Więc.Kontynuując,idę na imprezę,a,że chcę wyglądać jak BÓSTWO to od rana staram się siebie ulepszyć.
Zaczeło się od włosów.Kręcą mi się na wszystkie strony,więc postanowiłam je ujarzmić.Tylko czym?Żel w płynie.Nie działa.Pianka?Nie działa.Lakier mojej mamy-nie działa (jeszcze dostałam opierdol,że jej cały zużyłam).
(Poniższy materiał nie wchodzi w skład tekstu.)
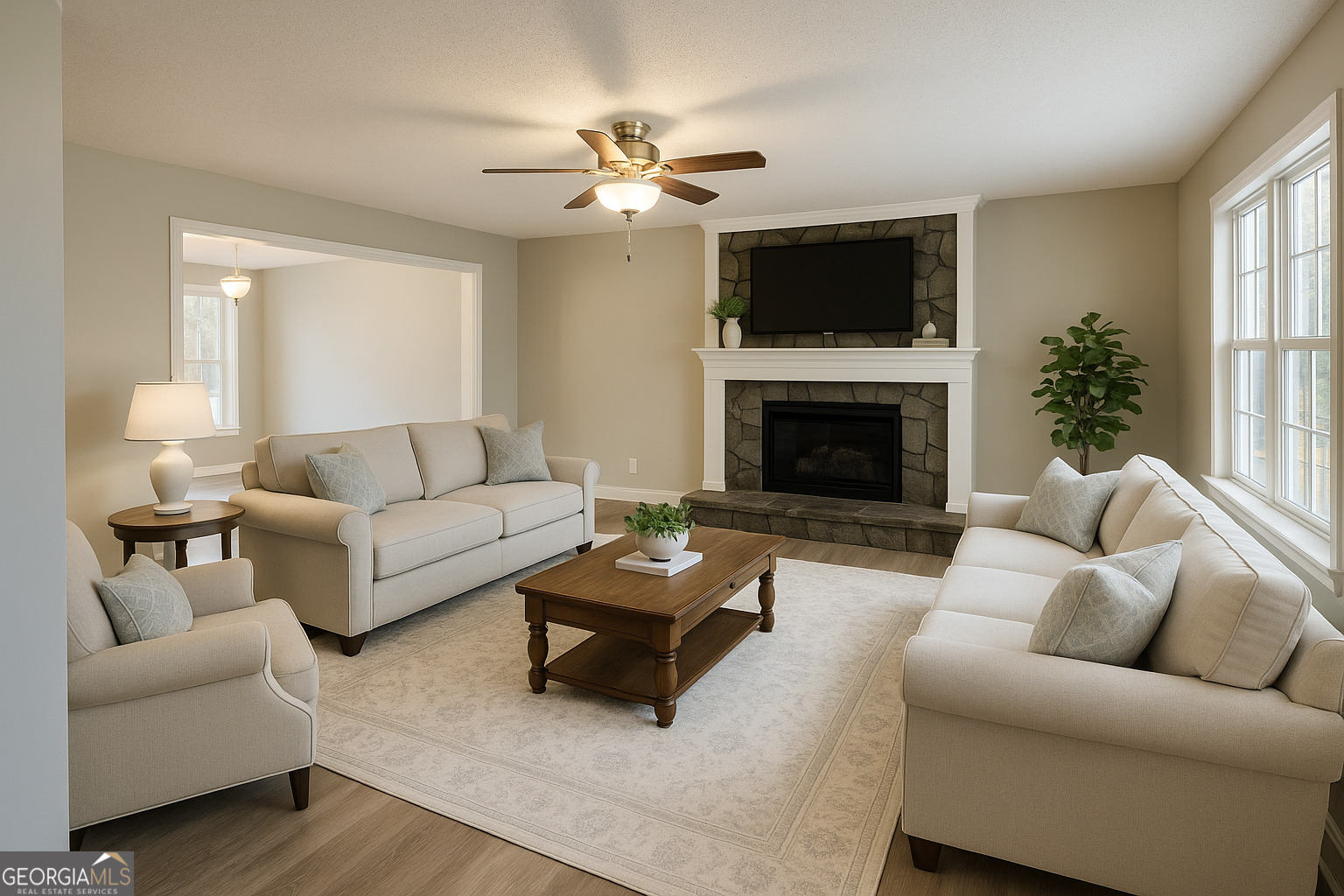 1516 Stark Road Jackson, GA 30233 - Photo 10 of 37 a living room with furniture a chandelier and a fireplace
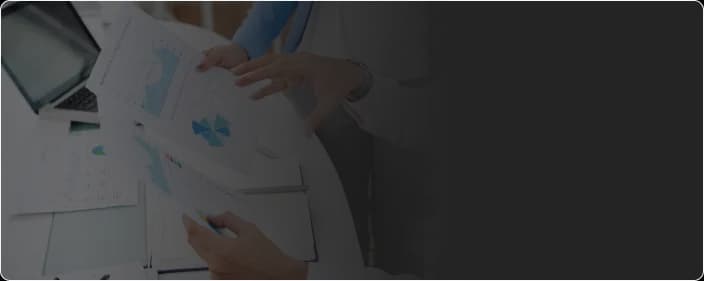 Computer and reports symbolizing simplified compliance and healthcare reporting with KangarooHealth.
Dobra.Spokojnie....policz do 10...albo 20.Na wszelki wypadek.Myjemy jeszcze raz główkę.I od nowa!A może wyprostujemy?dobra.Prostujemy....prostujemy....prostujemy.Kurwa.
Myjemy główkę....liczymy do 100.Wychodzimy z łazienki i lejemy ciepłym moczem pod kątem prostym na włosy (bez skojarzeń!!).Do czasu imprezy nie patrzymy w lustro i wychodzimy na party w przekonaniu( być może błędnym) że wyglądamy jak BOGINIE!!
ps.to teraz już wiecie skąd tyle straszydeł na imprezkach......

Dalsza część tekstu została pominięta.